What the task asks:
No pictures in the copy. Write out the listing below exactly.

Data extract:

================================

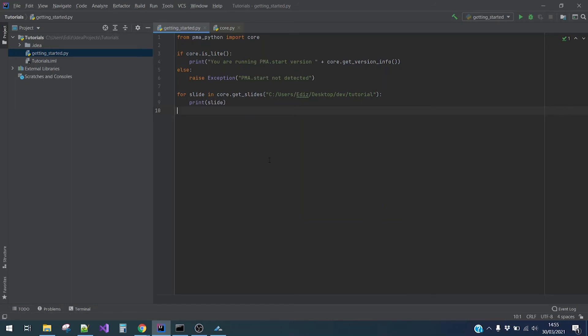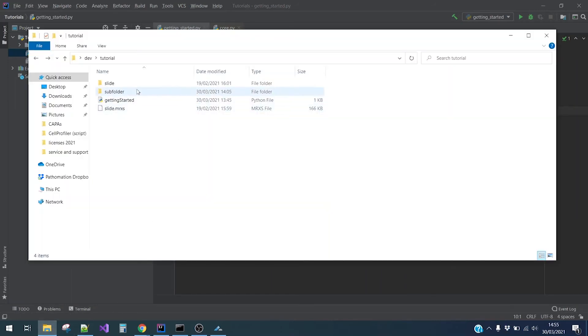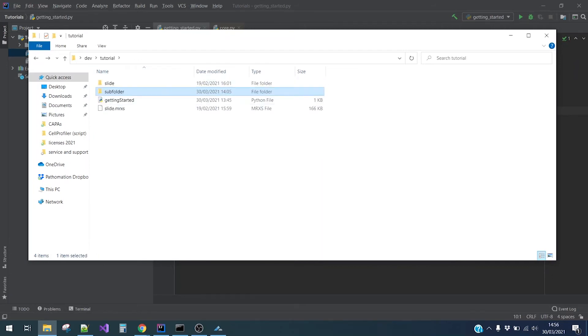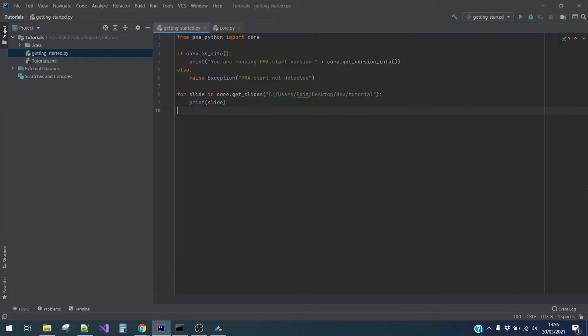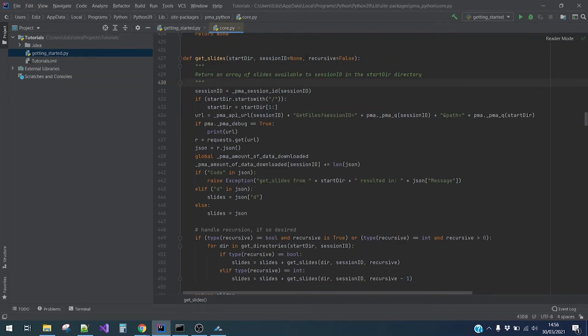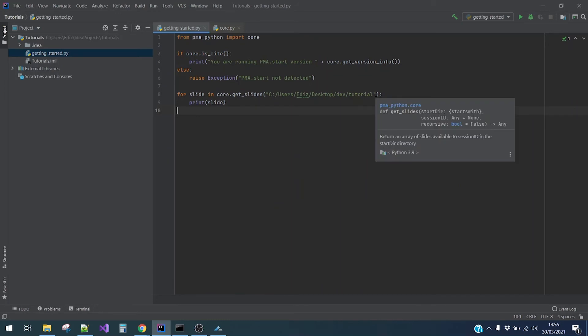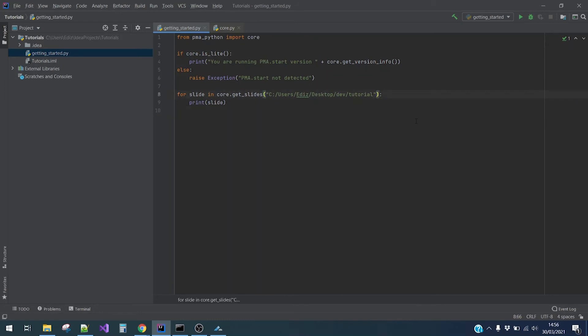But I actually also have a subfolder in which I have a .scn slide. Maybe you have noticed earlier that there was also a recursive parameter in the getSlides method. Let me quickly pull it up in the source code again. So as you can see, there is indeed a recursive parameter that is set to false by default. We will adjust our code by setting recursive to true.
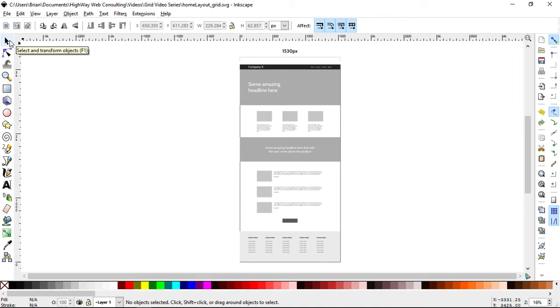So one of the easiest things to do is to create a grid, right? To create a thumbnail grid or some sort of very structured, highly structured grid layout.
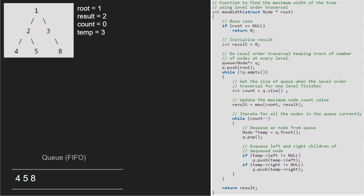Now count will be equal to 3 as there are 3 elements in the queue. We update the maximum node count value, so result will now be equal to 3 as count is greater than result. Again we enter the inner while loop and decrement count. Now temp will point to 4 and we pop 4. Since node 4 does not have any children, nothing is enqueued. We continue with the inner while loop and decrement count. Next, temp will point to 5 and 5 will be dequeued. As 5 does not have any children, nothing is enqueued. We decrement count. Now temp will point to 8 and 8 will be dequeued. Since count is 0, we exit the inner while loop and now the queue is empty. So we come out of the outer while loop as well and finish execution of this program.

================================

Solution to this exercise:
But I actually also have a subfolder in which I have a .scn slide. Maybe you have noticed earlier that there was also a recursive parameter in the getSlides method. Let me quickly pull it up in the source code again. So as you can see, there is indeed a recursive parameter that is set to false by default. We will adjust our code by setting recursive to true.
So one of the easiest things to do is to create a grid, right? To create a thumbnail grid or some sort of very structured, highly structured grid layout.
Now count will be equal to 3 as there are 3 elements in the queue. We update the maximum node count value, so result will now be equal to 3 as count is greater than result. Again we enter the inner while loop and decrement count. Now temp will point to 4 and we pop 4. Since node 4 does not have any children, nothing is enqueued. We continue with the inner while loop and decrement count. Next, temp will point to 5 and 5 will be dequeued. As 5 does not have any children, nothing is enqueued. We decrement count. Now temp will point to 8 and 8 will be dequeued. Since count is 0, we exit the inner while loop and now the queue is empty. So we come out of the outer while loop as well and finish execution of this program.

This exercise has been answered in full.